Title: It's a Miracle
Summary: Scully panics after Padgett says she is already in love, right to Mulder.
Category: Missing Scene, Post-Ep., Scully POV.
Archive: Gossamer, any other nice home. Please ask first.
Feedback: Warmly received, whether praise or suggestions to firstname.lastname@example.org
Disclaimers: CC, 1013 Productions and Fox Studios own the rights. I make no money and intend no copyright infringement from writing fanfiction.
DANA SCULLY'S APARTMENT
HOURS AFTER PHILLIP PADGETT'S RELEASE
I don't ever want a soul to see this, so I turn to my most private Journal. The field Journal would not be the most appropriate place to deposit these thoughts of mine.
Lately, Mulder and I have been so over-whelmed with work that I haven't had occasion to jot down my private little dilemmas, but this case has hit home.
Until now, I thought only God could read my heart. This man, Phillip Padfett, as suspect in several unimaginable murders, (talk about tearing the heart out of star-crossed lovers!), has seen what I have tried so to keep to myself for so long.
Why am I so embarrassed that he could hurt me with these few words: Agent Scully is already in love? Well, the man I am already in love with was standing right there with me as it was said. And I feltso naked, so embarrassed.
Of all times for the man to hear that I am in love. I doubt whether Mulder knows Padgett was referring to him, and I fear the questons that are likely going through Mulder's mind right now. We are so honest with each other, know each other's reactions before they occur and know each other's pain when we have trouble dealing with all that we've seen and endured at work in the X-Files.
To have him know now, without the courage to tell him myself, would be letting him see that I am afraid, vulnerable, not a strong person. He could see me as not brave enough to reveal something he may or may not want to hear.
I have my life. He has his. I meet his sexual innuendos with selective deafness. He has his videos, his monsters to chase, and his innermostdemons to confront.
Yet, it is a miracle that through all this pain, danger, suffering and derision we have suffered at the Bureau, I have found someone who warms me to the very centre of my being, not just to the easily aroused parts.
Yes, I want him to know. But not at this time. I AM SCARED. I need to be the one who scrapes up the courage to utter any words, show any signs of my true feelings.
There's the phone. Probably him with a lead.

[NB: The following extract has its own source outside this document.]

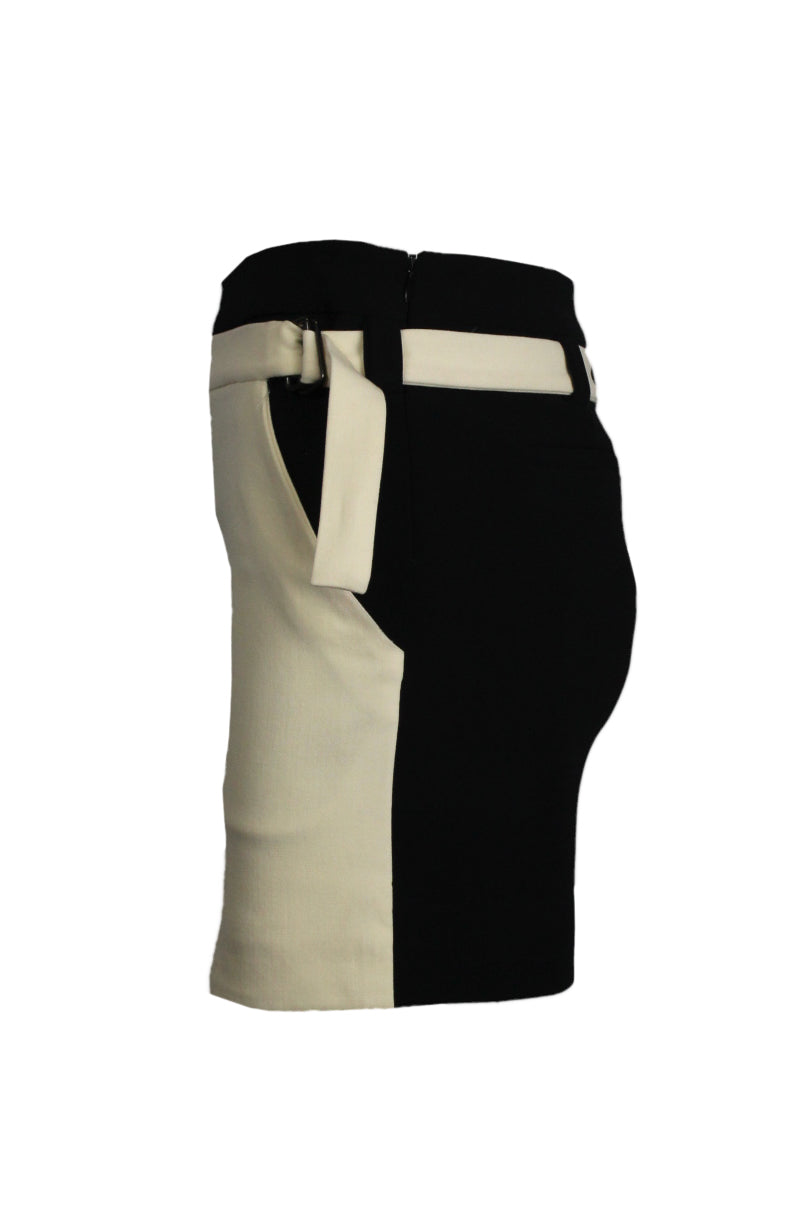 side view of proenza schouler black and cream mini skirt. features cream skirt panel with belt design detail. includes pockets and side zipper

"When you move in right up close to me..."
That's that song, "Shakin' All Over".
"Who... who is this?"
"Oh, it's me, Scully. There's been a new development. Better get down here."
He knows. Does he know that my face is candy apple red right now? That I am sweating? That my heart is beating a mile a minute?"
"I'll be right there. Just writing a note in my Journal. See you in ten minutes."
Now why do I feel so shaky and relieved at the same time?